Assignment
Take the material below and output exactly the run of lines from the one containing "Планка примыкания нижняя" down to the one containing "英文原版 Empire of", with both included.

Exercise inputs
== == ==

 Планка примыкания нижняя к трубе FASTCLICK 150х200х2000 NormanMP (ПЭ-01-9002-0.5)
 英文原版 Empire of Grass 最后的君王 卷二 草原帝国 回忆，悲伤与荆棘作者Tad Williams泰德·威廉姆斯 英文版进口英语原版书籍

== == ==

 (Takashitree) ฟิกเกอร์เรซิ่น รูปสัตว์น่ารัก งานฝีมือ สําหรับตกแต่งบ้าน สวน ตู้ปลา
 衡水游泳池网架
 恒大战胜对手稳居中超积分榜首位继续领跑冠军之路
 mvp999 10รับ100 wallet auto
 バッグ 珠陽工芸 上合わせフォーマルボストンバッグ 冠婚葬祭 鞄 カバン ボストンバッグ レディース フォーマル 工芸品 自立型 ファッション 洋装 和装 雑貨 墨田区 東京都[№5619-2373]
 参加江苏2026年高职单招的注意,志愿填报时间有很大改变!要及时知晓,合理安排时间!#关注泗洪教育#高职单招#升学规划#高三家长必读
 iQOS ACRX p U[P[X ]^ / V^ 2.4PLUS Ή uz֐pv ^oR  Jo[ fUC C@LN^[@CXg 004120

== == ==

Your solution
 Планка примыкания нижняя к трубе FASTCLICK 150х200х2000 NormanMP (ПЭ-01-9002-0.5)
 英文原版 Empire of Grass 最后的君王 卷二 草原帝国 回忆，悲伤与荆棘作者Tad Williams泰德·威廉姆斯 英文版进口英语原版书籍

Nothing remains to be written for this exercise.